The complete listing goes into the output exactly, without its pictures.

→ **Dataset content**:
*****

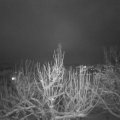 Webcam_20210124-213000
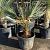 Brahea armata Pot 30 Liter 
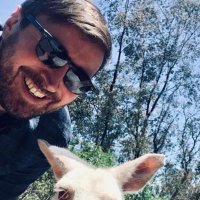 Joe N (@joe) 's Twitter Profile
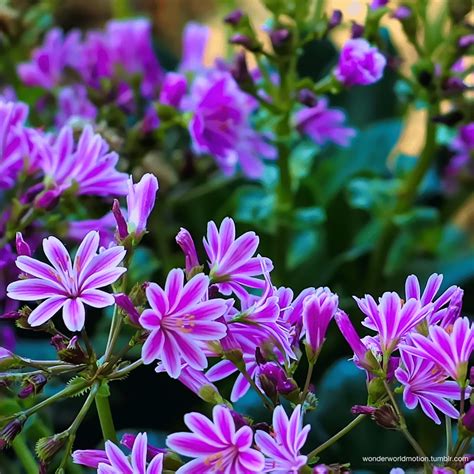 Varieties of Flower Seeds - Plant Supplement Free – Sarakart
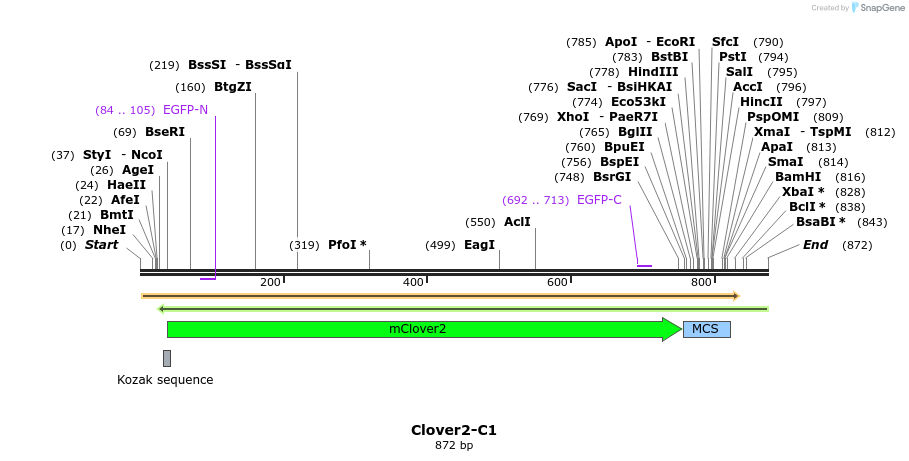 90529_map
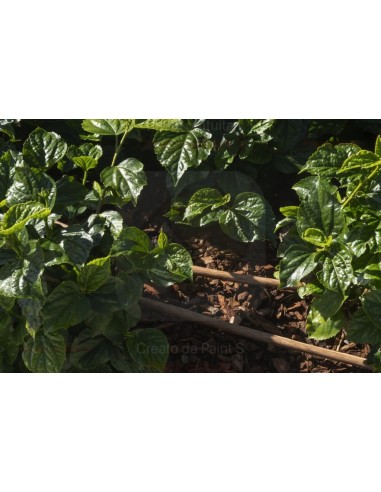 ALA GOCCIOLANTE IRRITEC NOCE  MT.50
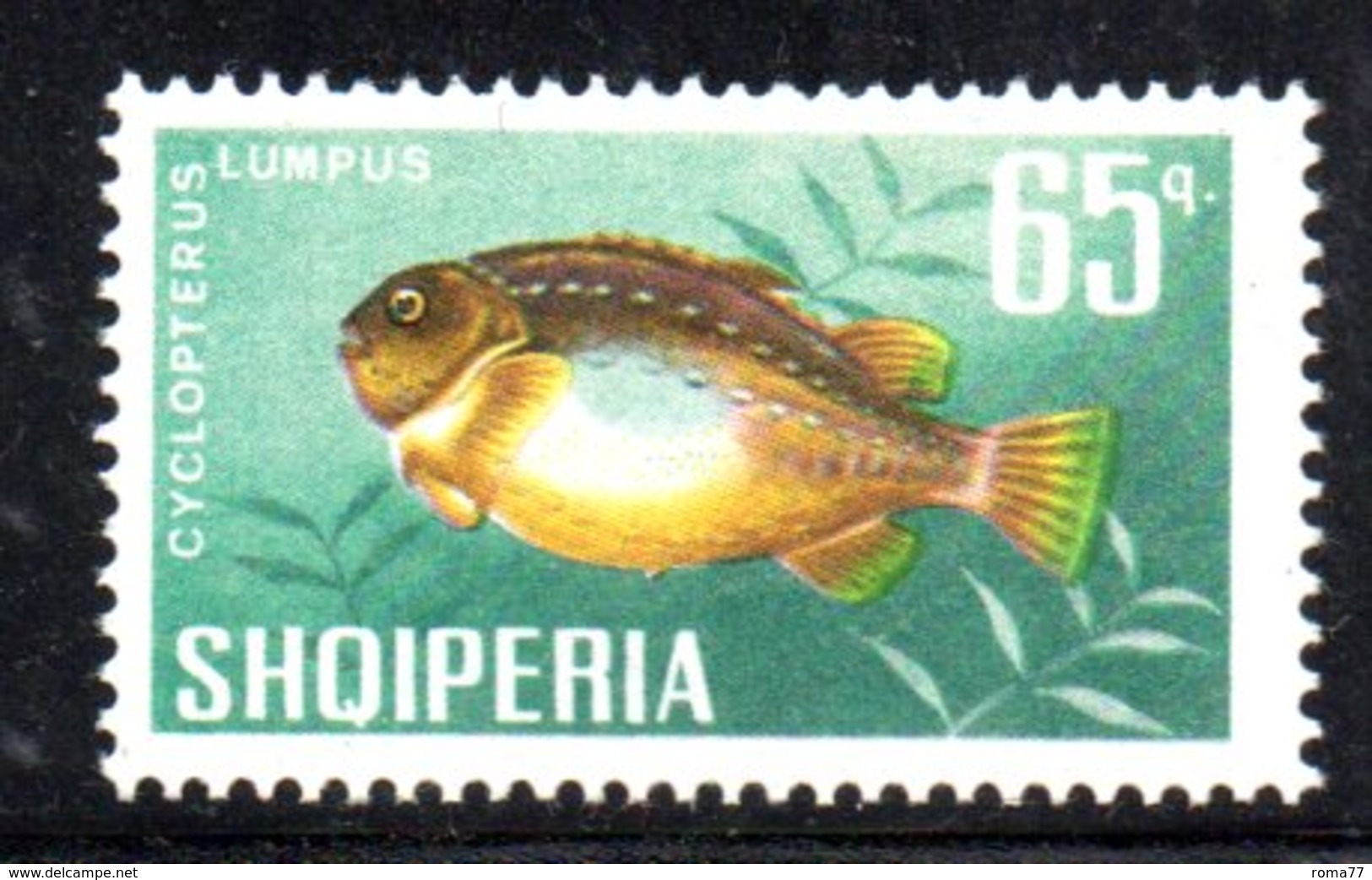 407 - 490 - ALBANIA 1967 , Yvert N. 959  *** MNH Pesci Fish - Albania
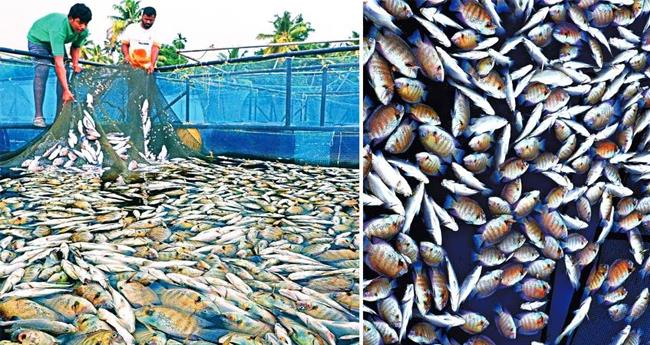 മ​ത്സ്യ​ക്കു​രു​തി; ക​ര്‍​ഷ​ക​ര്‍​ക്കു ന​ഷ്‌ടം ഒ​ന്‍​പ​ത് കോ​ടി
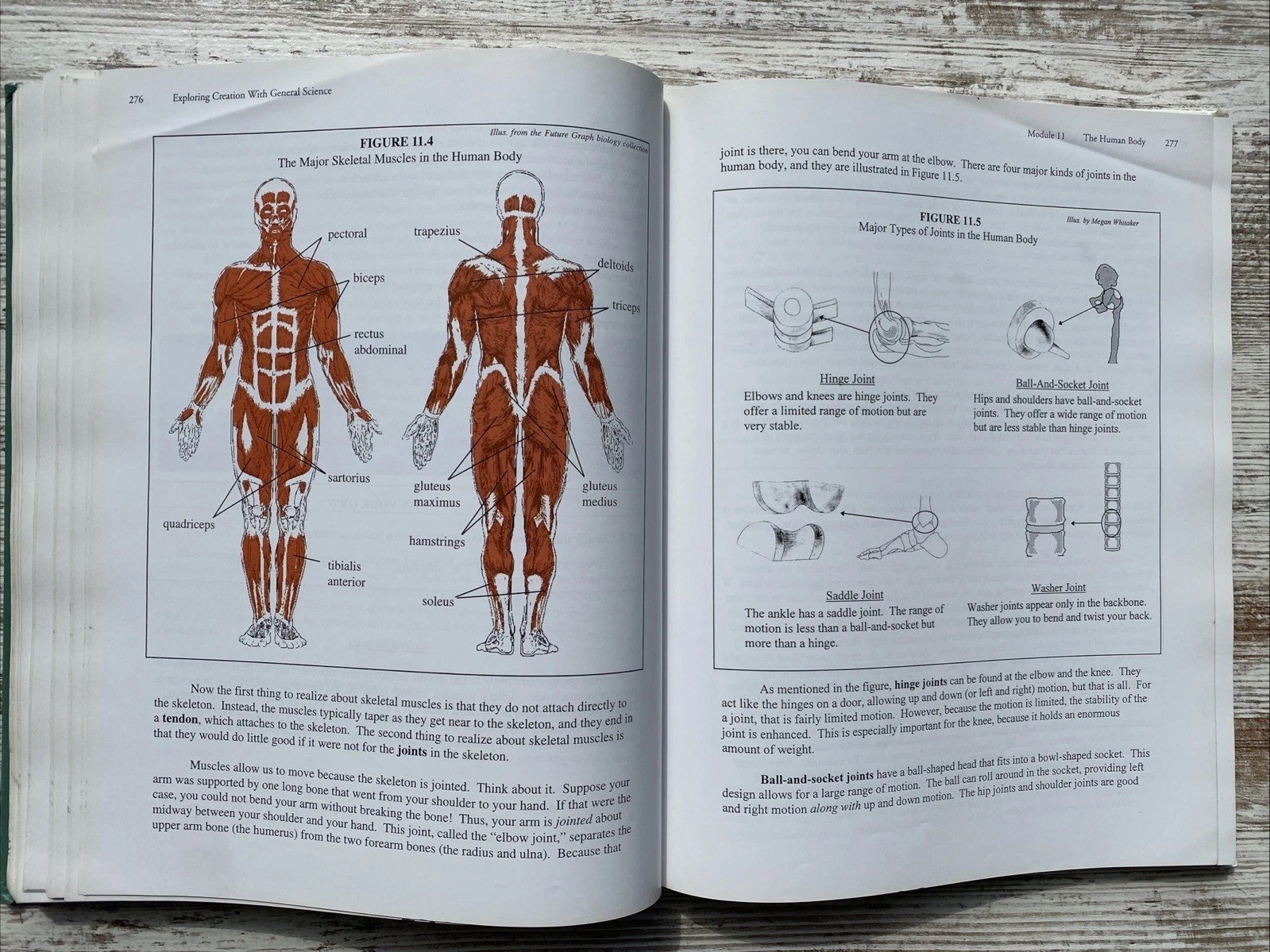Exploring Creation with General Science Student Text & Solutions Jay Wile (2001)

*****

→ **Your response**:
 Webcam_20210124-213000
 Brahea armata Pot 30 Liter 
 Joe N (@joe) 's Twitter Profile
 Varieties of Flower Seeds - Plant Supplement Free – Sarakart
 90529_map
 ALA GOCCIOLANTE IRRITEC NOCE  MT.50
 407 - 490 - ALBANIA 1967 , Yvert N. 959  *** MNH Pesci Fish - Albania
 മ​ത്സ്യ​ക്കു​രു​തി; ക​ര്‍​ഷ​ക​ര്‍​ക്കു ന​ഷ്‌ടം ഒ​ന്‍​പ​ത് കോ​ടി
Exploring Creation with General Science Student Text & Solutions Jay Wile (2001)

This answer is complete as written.